DIRECTIONS. Take the lines below from the one with "篮网阵容极度年轻化 伤病潮导致防守效率崩坏选择摆烂 篮网阵容极度年轻化" through the one with "Ezbike-Open Box Soltera.2 E-Bike-AVENTON" and retype them exactly. Include nothing else, and no pictures.

PROVIDED DATA.
--------
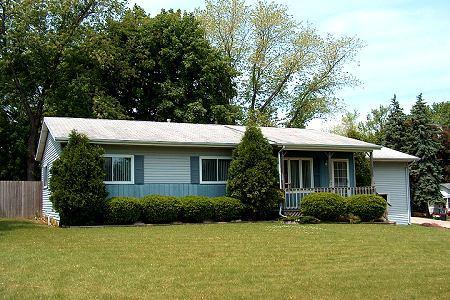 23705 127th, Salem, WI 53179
--------
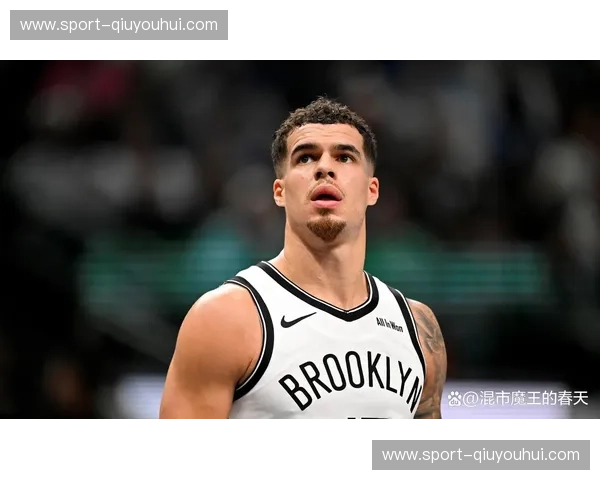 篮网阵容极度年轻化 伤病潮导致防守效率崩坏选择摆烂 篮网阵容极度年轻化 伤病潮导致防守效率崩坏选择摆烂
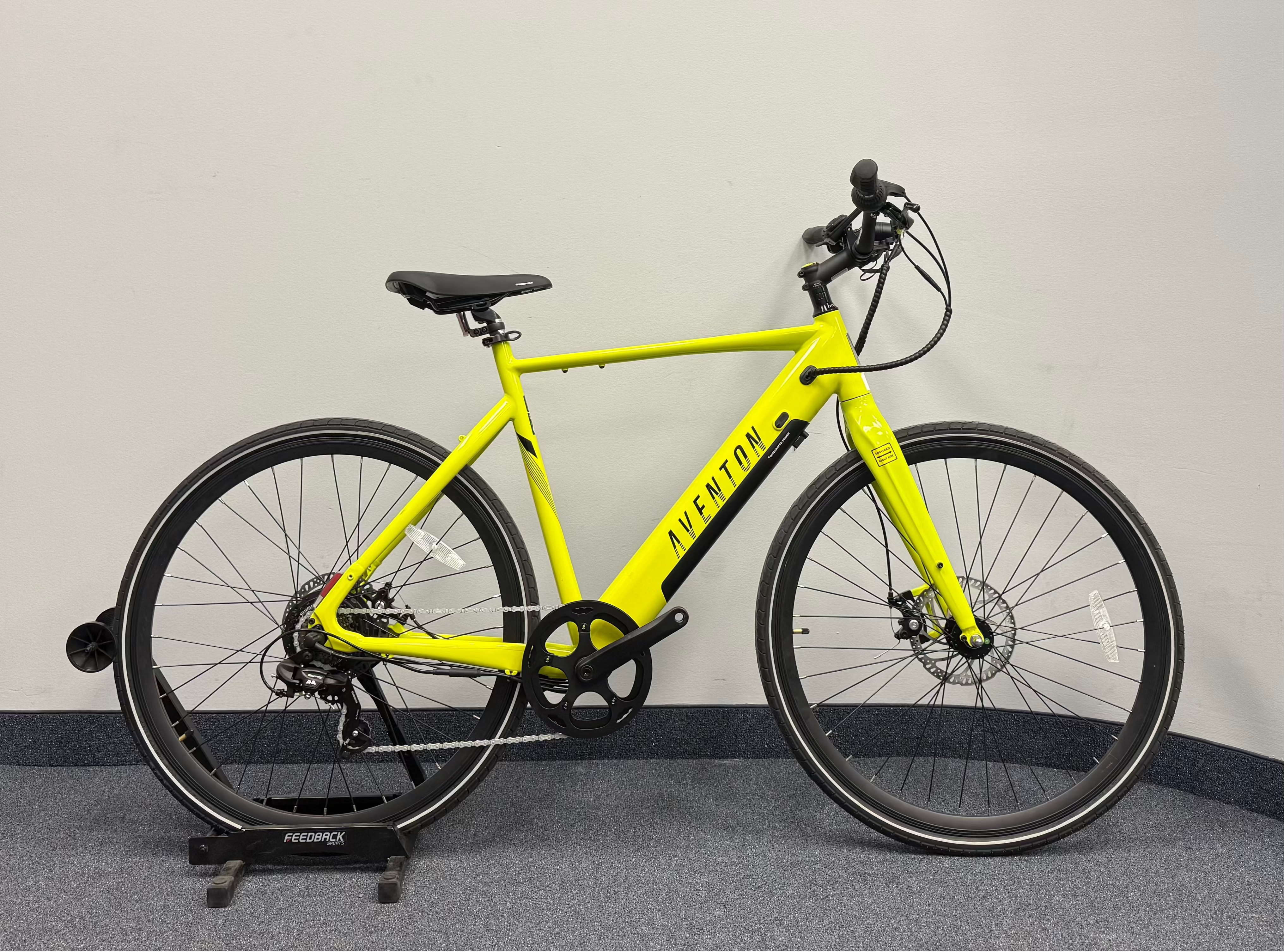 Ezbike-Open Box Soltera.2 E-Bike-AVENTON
--------
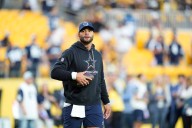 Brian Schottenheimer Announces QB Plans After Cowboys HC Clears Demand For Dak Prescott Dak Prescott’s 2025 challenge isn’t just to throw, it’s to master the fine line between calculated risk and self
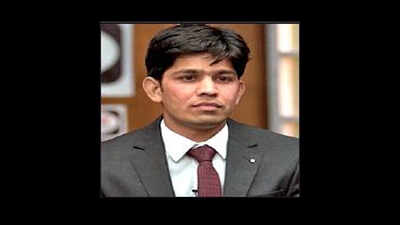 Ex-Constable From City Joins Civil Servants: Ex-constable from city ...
--------
EXERCISE SOLUTION.
 篮网阵容极度年轻化 伤病潮导致防守效率崩坏选择摆烂 篮网阵容极度年轻化 伤病潮导致防守效率崩坏选择摆烂
 Ezbike-Open Box Soltera.2 E-Bike-AVENTON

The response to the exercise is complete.